Question

Let $f: R \rightarrow R$ be a differentiable function satisfying $f\left(\frac{x+y}{2}\right)=\frac{f(x)+f(y)}{2} \forall x, y \in R$. If $f(0)=1$ and $f^{\prime}(0)=-1$, then which of the following is (are) correct?
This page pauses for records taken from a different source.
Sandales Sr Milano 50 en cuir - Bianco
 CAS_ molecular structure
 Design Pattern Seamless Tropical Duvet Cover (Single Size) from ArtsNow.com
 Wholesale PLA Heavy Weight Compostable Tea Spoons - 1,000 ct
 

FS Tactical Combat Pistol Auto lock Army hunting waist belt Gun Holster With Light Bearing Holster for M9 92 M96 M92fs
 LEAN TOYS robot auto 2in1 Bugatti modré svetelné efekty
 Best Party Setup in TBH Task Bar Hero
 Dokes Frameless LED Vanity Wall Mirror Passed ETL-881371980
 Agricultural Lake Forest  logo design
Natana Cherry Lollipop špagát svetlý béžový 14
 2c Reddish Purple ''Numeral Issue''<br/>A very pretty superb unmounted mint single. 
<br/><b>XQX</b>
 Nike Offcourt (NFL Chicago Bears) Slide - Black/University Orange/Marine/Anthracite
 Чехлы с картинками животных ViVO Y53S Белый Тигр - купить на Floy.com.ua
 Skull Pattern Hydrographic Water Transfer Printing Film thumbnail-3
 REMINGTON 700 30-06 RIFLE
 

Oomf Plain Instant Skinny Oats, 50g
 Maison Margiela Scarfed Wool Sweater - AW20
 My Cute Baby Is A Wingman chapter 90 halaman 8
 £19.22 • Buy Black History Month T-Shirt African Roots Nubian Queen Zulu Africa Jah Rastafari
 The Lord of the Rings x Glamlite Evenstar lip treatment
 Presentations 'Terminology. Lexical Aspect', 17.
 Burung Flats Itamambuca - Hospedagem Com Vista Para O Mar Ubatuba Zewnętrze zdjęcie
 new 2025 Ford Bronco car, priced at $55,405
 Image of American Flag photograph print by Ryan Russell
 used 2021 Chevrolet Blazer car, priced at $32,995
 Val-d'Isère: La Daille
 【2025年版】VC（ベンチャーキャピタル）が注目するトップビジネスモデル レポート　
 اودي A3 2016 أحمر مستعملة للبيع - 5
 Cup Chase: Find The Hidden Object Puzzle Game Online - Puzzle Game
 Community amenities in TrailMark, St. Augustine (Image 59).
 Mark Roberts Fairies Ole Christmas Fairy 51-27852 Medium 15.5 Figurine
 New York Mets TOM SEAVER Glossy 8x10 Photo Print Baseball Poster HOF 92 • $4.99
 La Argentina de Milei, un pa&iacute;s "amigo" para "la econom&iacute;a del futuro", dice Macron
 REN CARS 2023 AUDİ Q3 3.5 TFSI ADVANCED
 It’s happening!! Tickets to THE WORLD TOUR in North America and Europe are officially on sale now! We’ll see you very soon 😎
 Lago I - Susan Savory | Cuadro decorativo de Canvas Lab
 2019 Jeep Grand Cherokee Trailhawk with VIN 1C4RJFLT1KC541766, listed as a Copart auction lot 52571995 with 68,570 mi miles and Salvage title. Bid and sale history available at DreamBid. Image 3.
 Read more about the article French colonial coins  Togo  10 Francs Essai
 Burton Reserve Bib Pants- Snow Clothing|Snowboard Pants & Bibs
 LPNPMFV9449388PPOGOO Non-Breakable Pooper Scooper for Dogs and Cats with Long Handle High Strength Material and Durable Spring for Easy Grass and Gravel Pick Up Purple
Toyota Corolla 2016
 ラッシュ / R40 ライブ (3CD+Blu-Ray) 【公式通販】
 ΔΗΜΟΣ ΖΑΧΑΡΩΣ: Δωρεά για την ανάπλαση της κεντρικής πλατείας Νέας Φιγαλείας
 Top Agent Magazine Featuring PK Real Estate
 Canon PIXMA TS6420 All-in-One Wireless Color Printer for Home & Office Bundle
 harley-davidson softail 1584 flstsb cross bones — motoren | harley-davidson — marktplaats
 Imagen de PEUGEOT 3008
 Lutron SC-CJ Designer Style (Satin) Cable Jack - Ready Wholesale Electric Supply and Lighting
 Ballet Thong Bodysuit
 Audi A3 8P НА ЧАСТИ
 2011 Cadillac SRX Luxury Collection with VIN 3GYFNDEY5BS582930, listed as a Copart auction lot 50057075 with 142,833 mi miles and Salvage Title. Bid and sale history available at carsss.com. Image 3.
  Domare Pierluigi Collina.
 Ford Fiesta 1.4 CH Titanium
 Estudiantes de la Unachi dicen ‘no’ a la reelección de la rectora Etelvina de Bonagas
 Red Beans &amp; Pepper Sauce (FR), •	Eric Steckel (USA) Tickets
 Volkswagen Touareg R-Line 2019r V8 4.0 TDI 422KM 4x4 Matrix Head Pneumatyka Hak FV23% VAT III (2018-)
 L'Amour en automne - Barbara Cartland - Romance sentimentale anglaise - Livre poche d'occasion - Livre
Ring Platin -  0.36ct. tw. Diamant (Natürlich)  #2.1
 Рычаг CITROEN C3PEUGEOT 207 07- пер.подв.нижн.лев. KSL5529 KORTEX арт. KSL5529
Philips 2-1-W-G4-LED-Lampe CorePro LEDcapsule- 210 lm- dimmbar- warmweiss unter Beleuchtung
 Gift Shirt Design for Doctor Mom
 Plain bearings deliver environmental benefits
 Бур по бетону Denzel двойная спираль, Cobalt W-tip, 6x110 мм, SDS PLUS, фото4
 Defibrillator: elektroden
• A. $f (| x |)$ is discontinuous at one point.
• B. Number of solution of the equation $f(x)=f^{-1}(x)$ is exactly one.
• C. $ \displaystyle\sum_{ r =0}^{10}( f ( r ))^2=286$
• D. $\tan ^{-1}( f ( x ))$ is derivable $\forall x \in R$.

Answer 1

Answer: (C), (D)

$f^{\prime}(x)=\underset{h \rightarrow 0}{\text{Lim}} \frac{f(x+h)-f(x)}{h}=\underset{h \rightarrow 0}{\text{Lim}} \frac{f\left(\frac{2 x+2 h}{2}\right)-f\left(\frac{2 x+2 \times 0}{2}\right)}{h}$
$ =\underset{h \rightarrow 0}{\text{Lim}}\frac{ f (2 x )+ f (2 h )- f (2 x )- f (0)}{2 h }=\underset{h \rightarrow 0}{\text{Lim}} \frac{ f (2 h )- f (0)}{2 h } $
$\therefore f ^{\prime}( x ) = f ^{\prime}(0)=-1 \text { (Given) }$
Now on integrating both sides, we get
$ f(x)=-x+C$
$\Rightarrow f(x)=-x+1(\operatorname{As~} f(0)=1)$
(A) $f (| x |)=1-| x |$, which is continuous $\forall x \in R$.
(B) $ f ( x )=1- x$
$\therefore f ^{-1}( x )=1- x$
$\Rightarrow f ( x )= f ^{-1}( x )$ will have infinite solutions.
(C) $( f (0))^2+( f (1))^2+( f (2))^2+\ldots \ldots .+( f (10))^2$
$=1+0+1^2+2^2+3^2+\ldots \ldots .+9^2=1+\frac{10 \times 9 \times 19}{6}=1+(15 \times 19)=1+285=286$
(D) $\tan ^{-1}( f ( x ))=\tan ^{-1}(1- x )$, which is derivable $\forall x \in R$.